- _WHAT THIS TASK INVOLVES_: From the records below, set down exactly the lines starting with the line that contains "Textiletiketten für Größenbeschriftung" and going on through the line that contains "Cabbage, Sausage and Potato Stew image". Nothing else is wanted.

- _INFORMATION SUPPLIED_:

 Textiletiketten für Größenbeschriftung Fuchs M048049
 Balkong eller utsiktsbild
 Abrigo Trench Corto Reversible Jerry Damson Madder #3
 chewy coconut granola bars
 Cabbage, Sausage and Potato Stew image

...

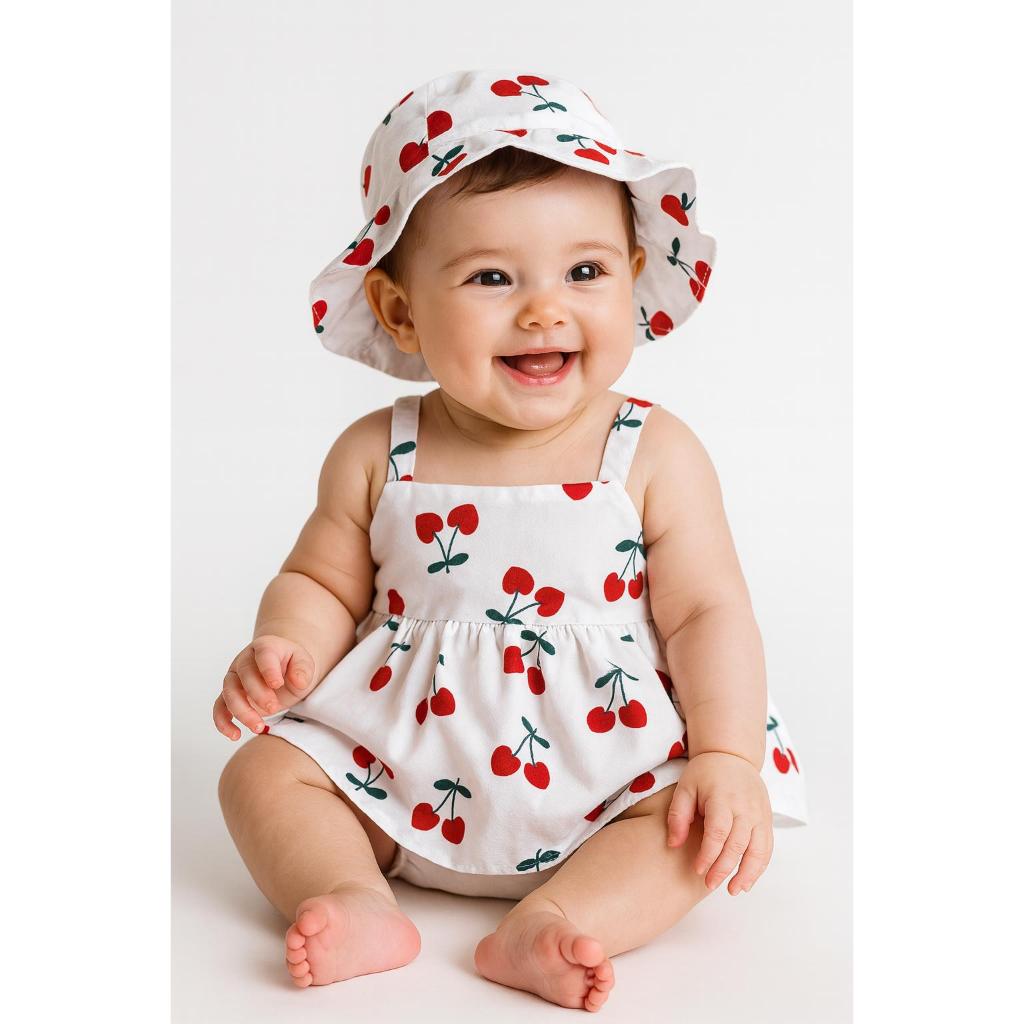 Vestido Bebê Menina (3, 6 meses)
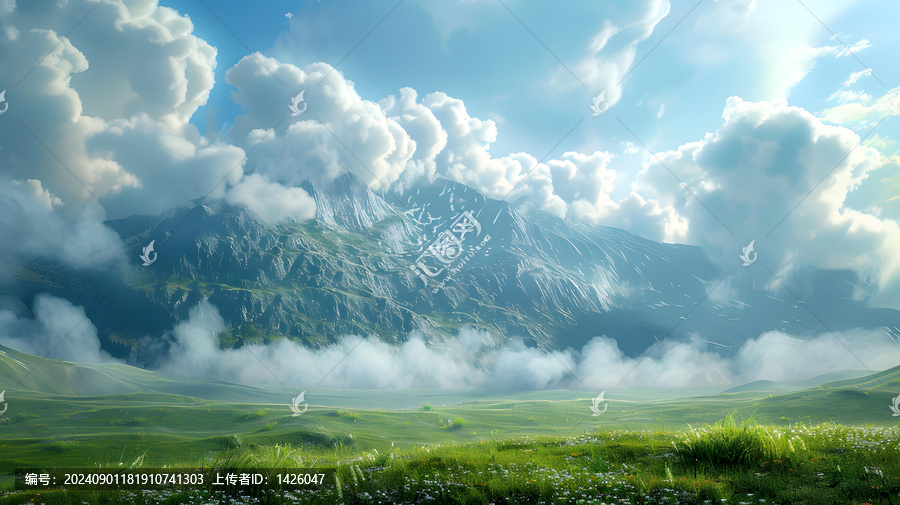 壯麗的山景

- _TASK ANSWER_:
 Textiletiketten für Größenbeschriftung Fuchs M048049
 Balkong eller utsiktsbild
 Abrigo Trench Corto Reversible Jerry Damson Madder #3
 chewy coconut granola bars
 Cabbage, Sausage and Potato Stew image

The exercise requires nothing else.